I didn't read all of your considerations, but it looks like the goal to reach is 999 for #5 (which is easily shown maximal as 1000 doesn't fit). Nervetheless, with rather sensible backward induction, one come only to 997. This is because one can not, (a priori) share a coin between 2 pirates or more. Or else, the solution will obviously be 1000 minus 3*epsilon, with epsilon fixed to be the minimal size for which a part of a coin is still valuable.
 
In fact, the correct answer lies between 1000 and 999, being very close to 1000.
 
As soon as i'll reveal my point, you'll immediately see a solution, so stop reading here if you want to figure out by yourself. Knowing the answer which is 999+ is actually quite good a hint. Or maybe you can keep on reading, i'll try to act like socrates and make the reader discover by himself.
 
There are coins right ? Many of them ! What do you do with coins ? You toss them ! That is you can introduce randomness. Still don't get it ? You can, as an illustration, suggest to give P1 1 coin with probability 1/2, which is tantamount to give him 0.5 coin ! (if he is risk neutral, or a little less if not, but still positive).
 
To finish the problem properly, on has to be sure that a lower bound exists for the minimum non zero value one can pledge. If it is arbirarily small, things get confused and one can not apply what has been used so far without randomness in a straightaway manner.
 
A pirate can not toss infinitely many coins which is clear given his life expectancy is finite and the speed of his moves is bounded by, say the speed of light Grin. Thus, the minimal probability he can obtain is 1/2^N, where N is the maximal number of coins he can toss. Let not assume all pirate are the same for the sake of useless complexity. We denote by epsilon1, epsilon2, epsilon3, epsilon4, epsilon5 the minimum probability they can draw.
 
Things work the same by backward induction, it's has been shown that in the situation there are 3 pirates left, 3 can grab all the money, yielding :
(0,0,1000)
 
Knowing that, 4 needing 2 favorable votes will give strictly more to 1 and 2 :
(epsilon4, epsilon4, 0, 1000 - 2*epsilon4)
 
[He does only 1 tossing for 1 and 2, so as to respect his drawing possibilities]
 
Now, #5 has to get 2 favorable votes.
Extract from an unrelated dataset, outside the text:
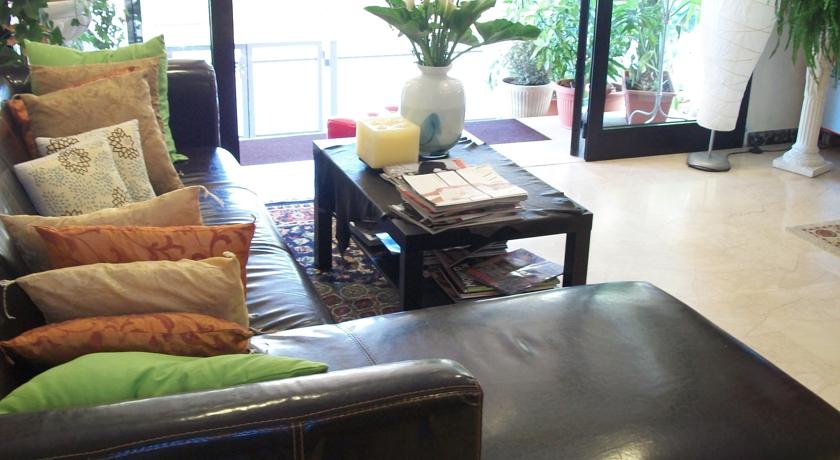 Лаунж в холле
He chooses to give more (strictly) to those who would be dispriviledged by #4's proposal, that is 1 and 2.
 
One solution is :
(epsilon5, epsilon5, 0, 0, 1000-2*epsilon5) if epsilon5 > epsilon4
 
and
 
(n*epsilon5, 0, epsilon5, 1000-(n+1)*epsilon5) if
epsilon4 > epsilon5 and n := inf { t : t*epsilon5 > epsilon4 }
 
Note that if epsilon5 = epsilon4, a solution is provided by (0, 2*eps, eps, 0, 1000 - 3*eps).
 
In anycase, only epsilon4 and epsilon5 are relevant and well, if epsilon is very small, I virtually reach 1000 !
 
Can anyone be of better advice to #5 ?
Thank you for your reading.
 
P.S.: I am sorry if this solution was found before. But i feel quite proud of it and in need to communicate it !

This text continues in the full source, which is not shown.